Data extracts
============

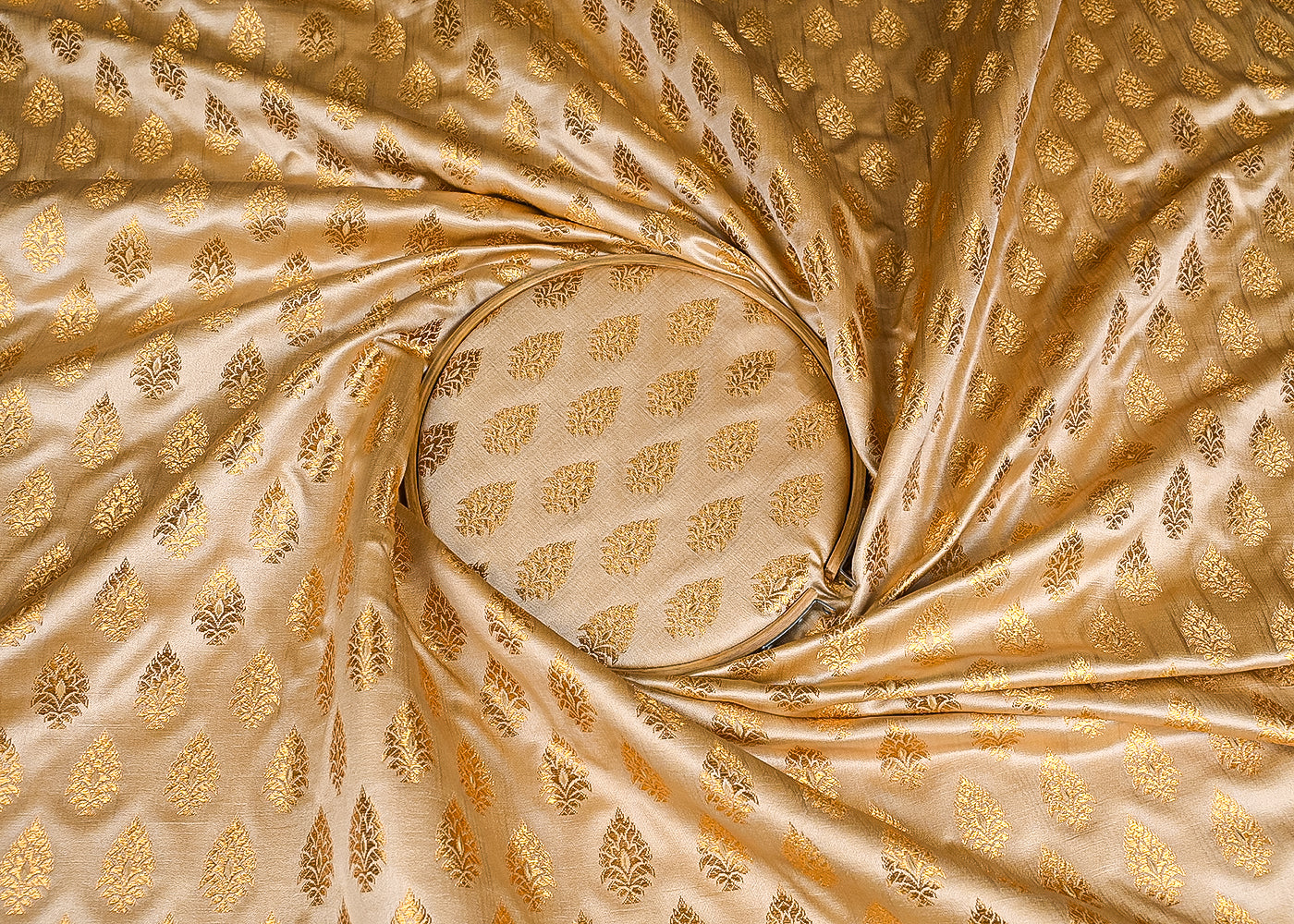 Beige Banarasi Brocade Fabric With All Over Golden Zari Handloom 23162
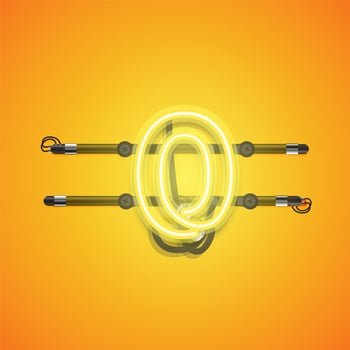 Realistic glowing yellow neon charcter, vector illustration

============

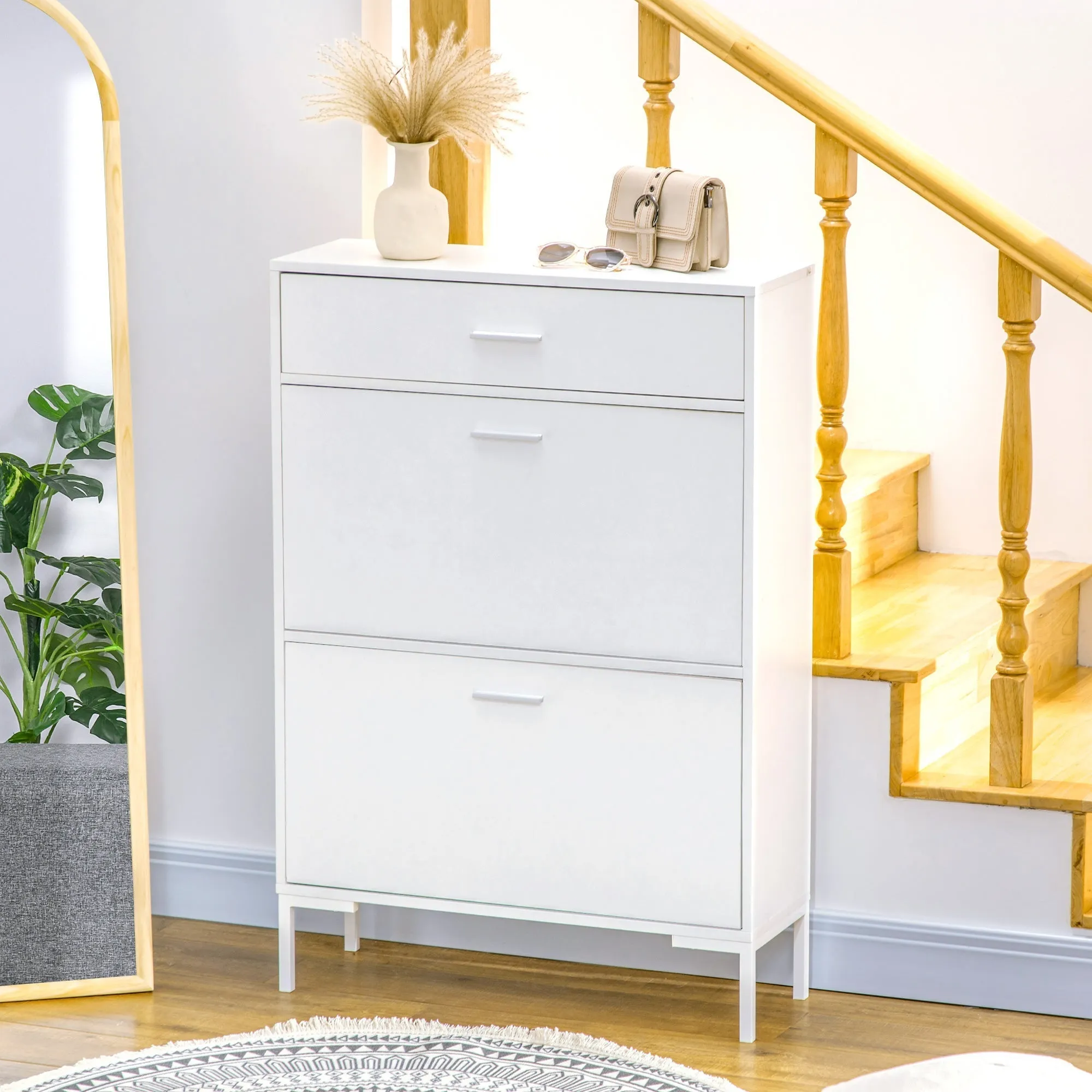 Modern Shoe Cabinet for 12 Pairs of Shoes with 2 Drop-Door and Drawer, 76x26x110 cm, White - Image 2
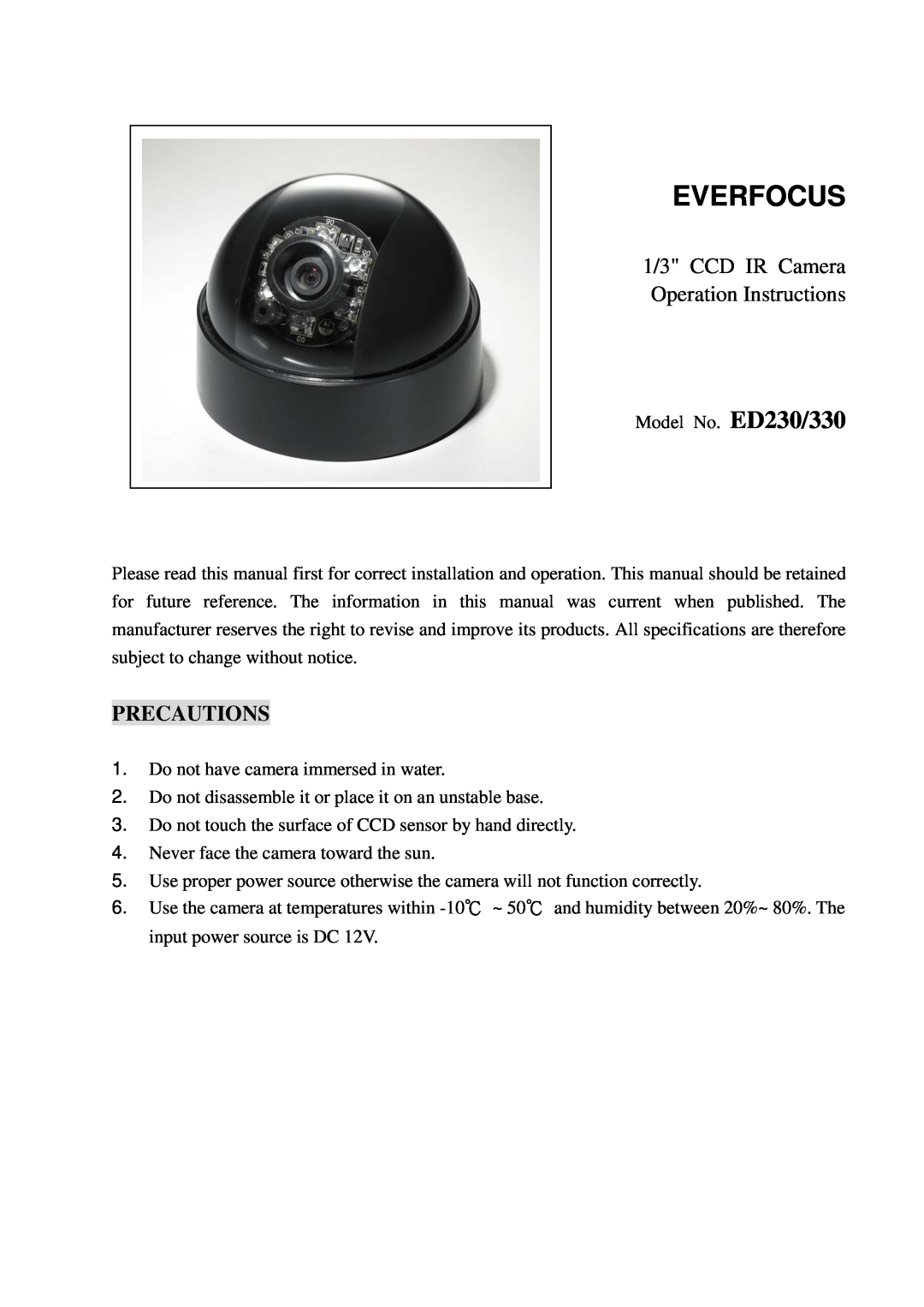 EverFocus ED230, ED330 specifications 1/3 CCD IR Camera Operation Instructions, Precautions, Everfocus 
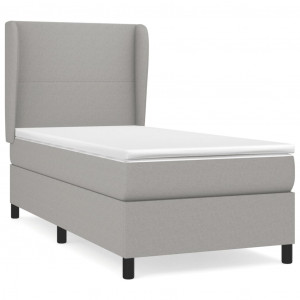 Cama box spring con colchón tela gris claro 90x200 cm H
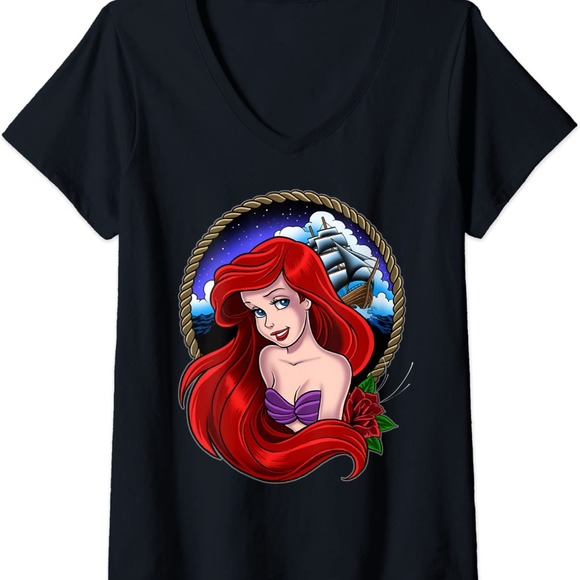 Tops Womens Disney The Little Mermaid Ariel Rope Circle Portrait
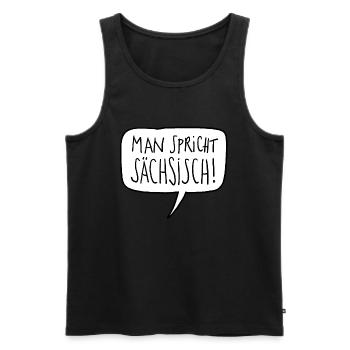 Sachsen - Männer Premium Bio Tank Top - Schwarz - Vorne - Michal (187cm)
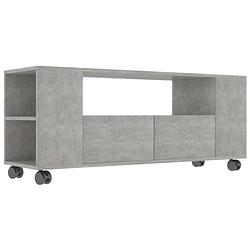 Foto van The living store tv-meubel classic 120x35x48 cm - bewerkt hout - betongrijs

============

Copy the entries above exactly, but only the stretch from the line containing "Beige Banarasi Brocade" through the line containing "Realistic glowing yellow". Keep both end lines; drop the pictures.

Completed task
 Beige Banarasi Brocade Fabric With All Over Golden Zari Handloom 23162
 Realistic glowing yellow neon charcter, vector illustration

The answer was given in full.